WORK TASK:
From top to bottom, write out the listing exactly and skip every picture.

THE DATA:
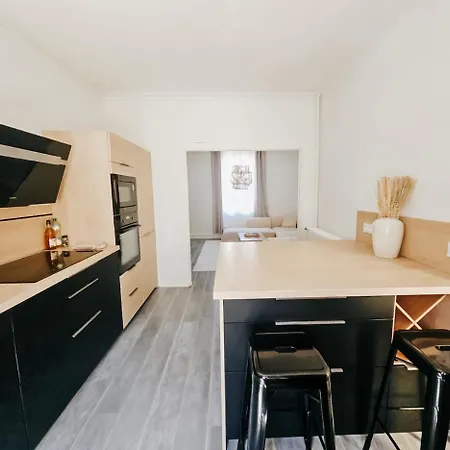 Champagne Getaway, Spacious House Semesterbostad Épernay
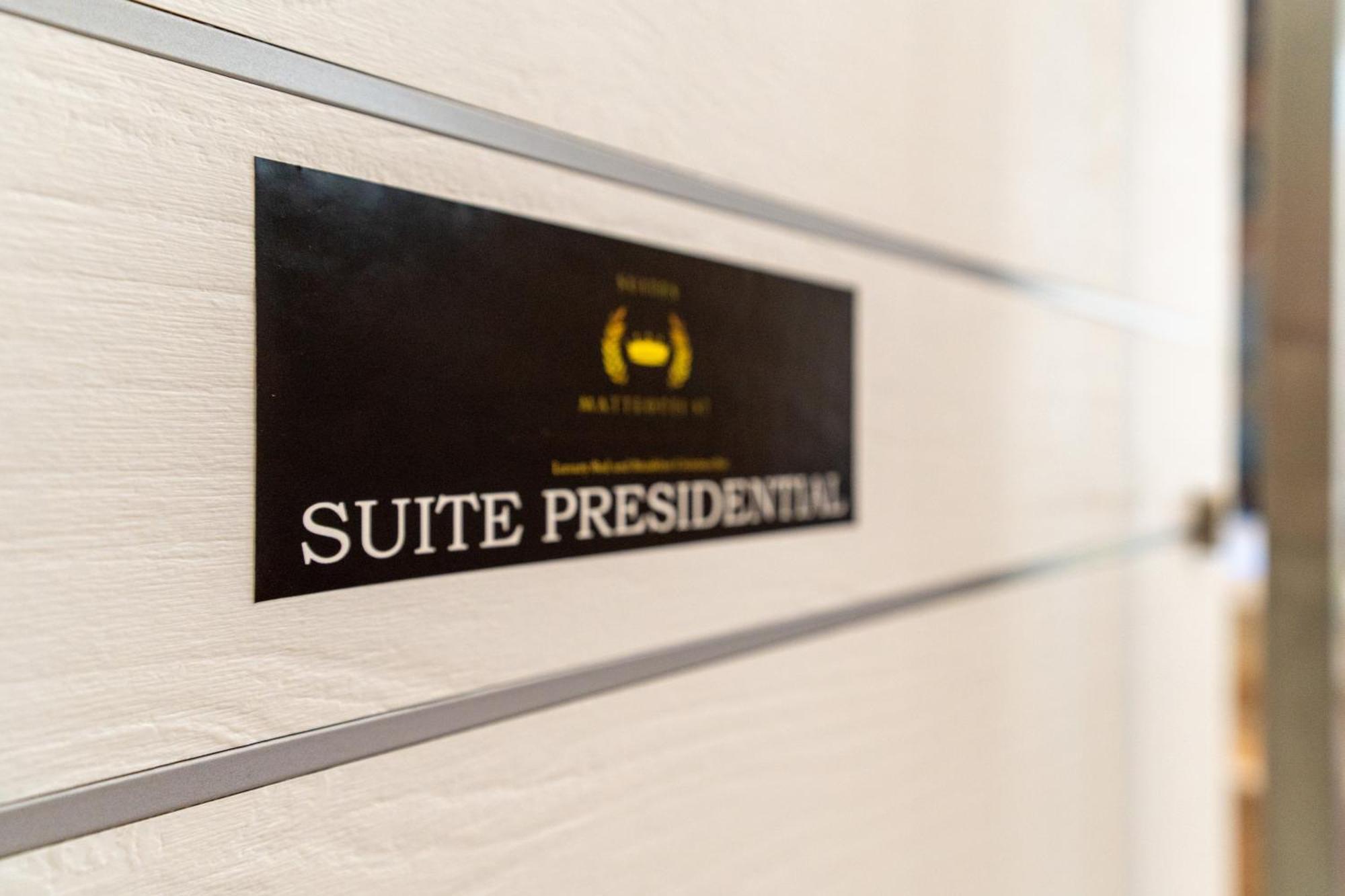 Suites Matteotti 57 Civitavecchia Bagian luar foto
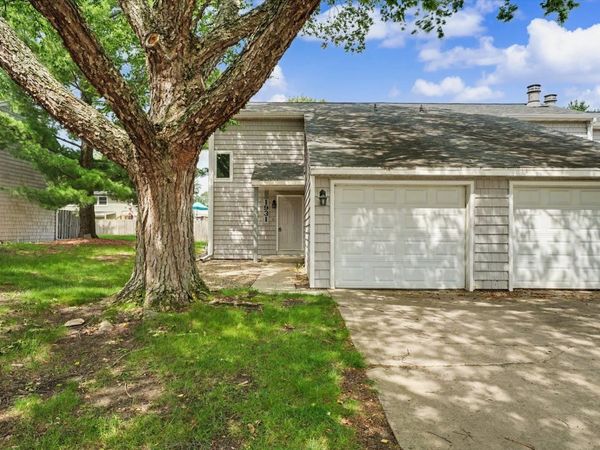 1931 Blackthorn Drive , Unit 1931, Champaign, IL 61821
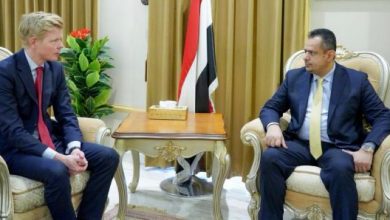 Photo of رئيس الوزراء: رفض مليشيا الحوثي لدعوات الحوار أظهر عداوتها للسلام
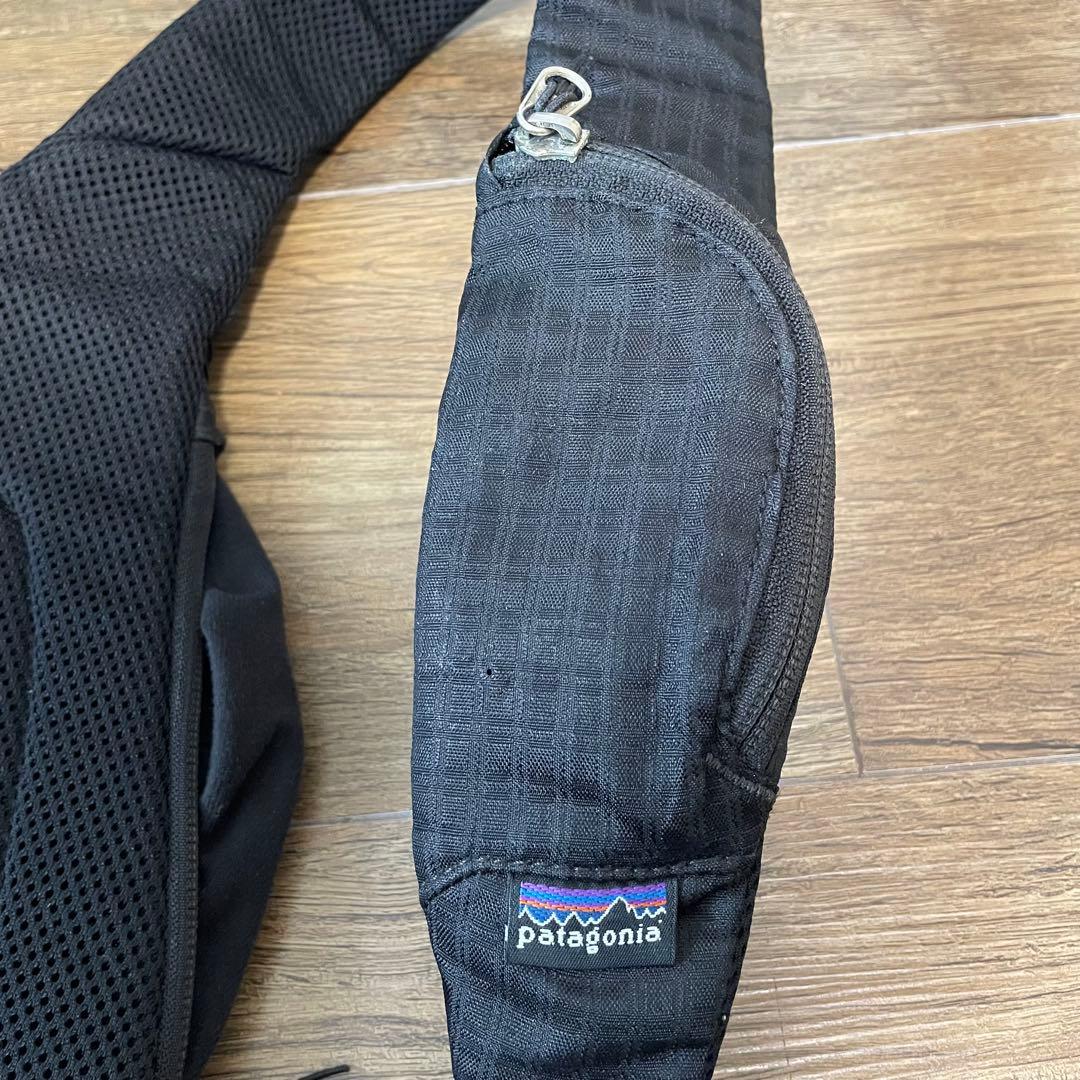 パタゴニア アトムスリング 旧型 ブラック ボディバック ショルダーバッグ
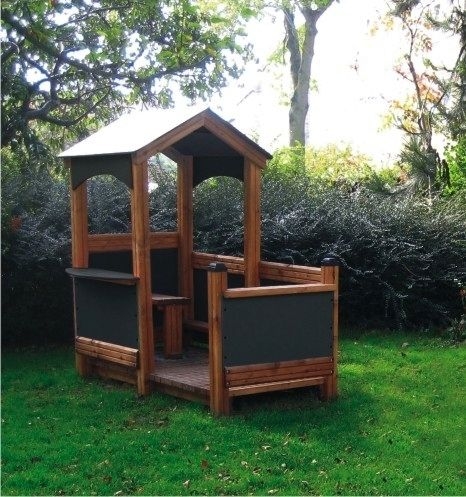 Spielhaus mit Veranda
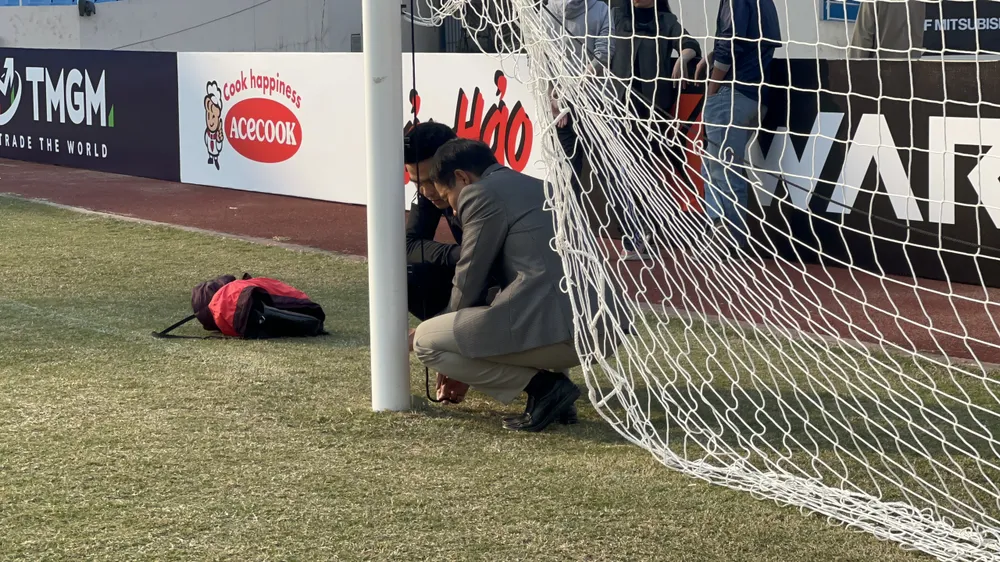 Cột khung thành sân Mỹ Đình được kiểm tra kỹ lưỡng tránh sự cố đáng tiếc có thể xảy ra. ẢNH: HỮU THÀNH Cột khung thành sân Mỹ Đình được kiểm tra kỹ lưỡng tránh sự cố đáng tiếc có thể xảy ra. ẢNH: HỮU THÀNH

WRITTEN RESPONSE:
 Champagne Getaway, Spacious House Semesterbostad Épernay
 Suites Matteotti 57 Civitavecchia Bagian luar foto
 1931 Blackthorn Drive , Unit 1931, Champaign, IL 61821
 Photo of رئيس الوزراء: رفض مليشيا الحوثي لدعوات الحوار أظهر عداوتها للسلام
 パタゴニア アトムスリング 旧型 ブラック ボディバック ショルダーバッグ
 Spielhaus mit Veranda
 Cột khung thành sân Mỹ Đình được kiểm tra kỹ lưỡng tránh sự cố đáng tiếc có thể xảy ra. ẢNH: HỮU THÀNH Cột khung thành sân Mỹ Đình được kiểm tra kỹ lưỡng tránh sự cố đáng tiếc có thể xảy ra. ẢNH: HỮU THÀNH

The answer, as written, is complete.